BEGIN Supplied material

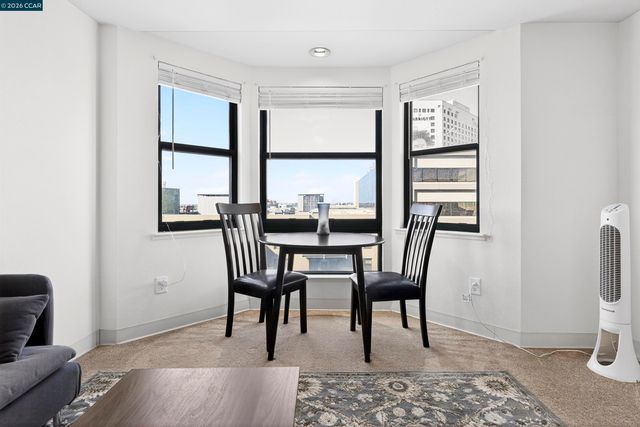 988 Franklin St 707, Oakland, CA 94607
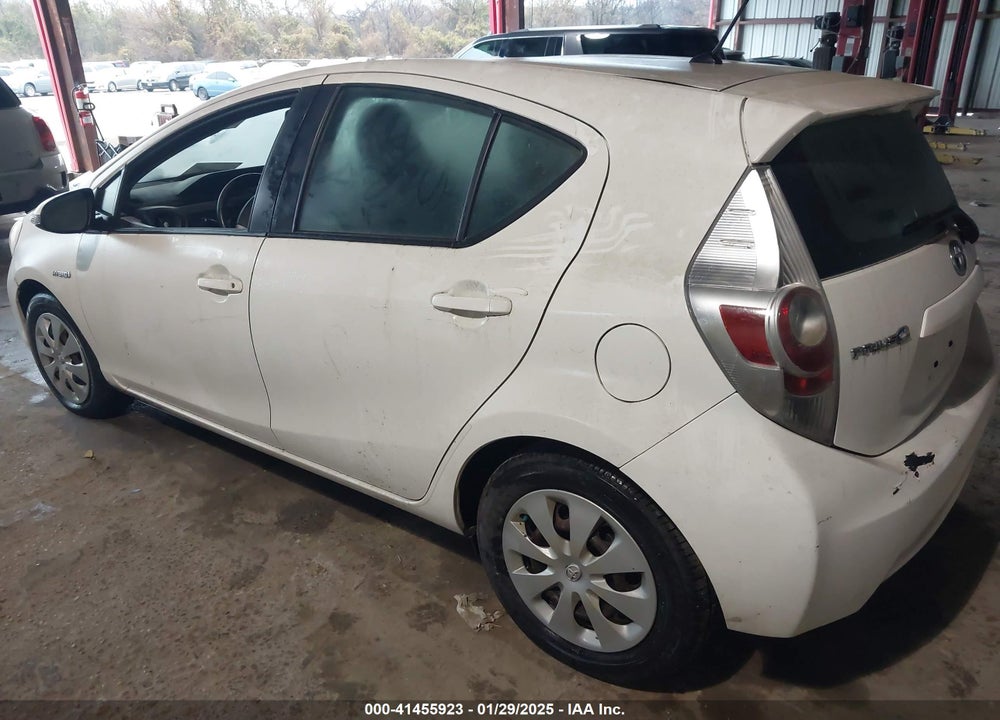 2013 TOYOTA PRIUS C VIN: JTDKDTB34D1548699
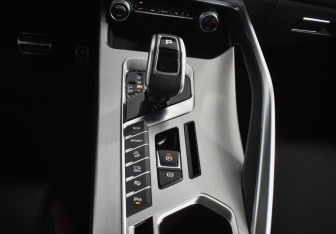 Подержанный автомобиль Geely Coolray 2021 года (18 фото)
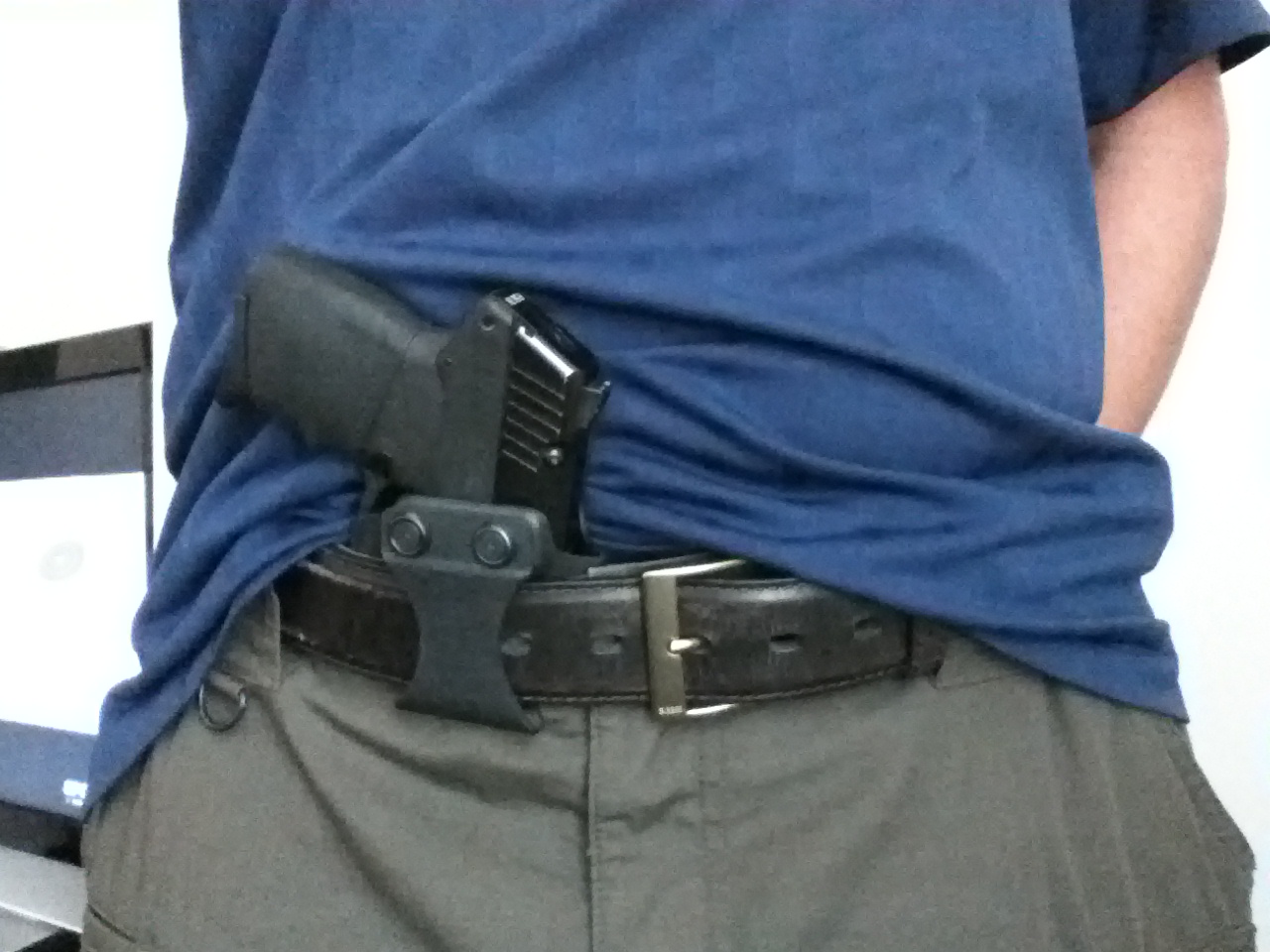 General Agony's Projects and Reviews RDR "The IWB Holster" Review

END Supplied material

» **Activity**
The expected output is the material above, repeated exactly and free of pictures.

» **Completed task**
 988 Franklin St 707, Oakland, CA 94607
 2013 TOYOTA PRIUS C VIN: JTDKDTB34D1548699
 Подержанный автомобиль Geely Coolray 2021 года (18 фото)
 General Agony's Projects and Reviews RDR "The IWB Holster" Review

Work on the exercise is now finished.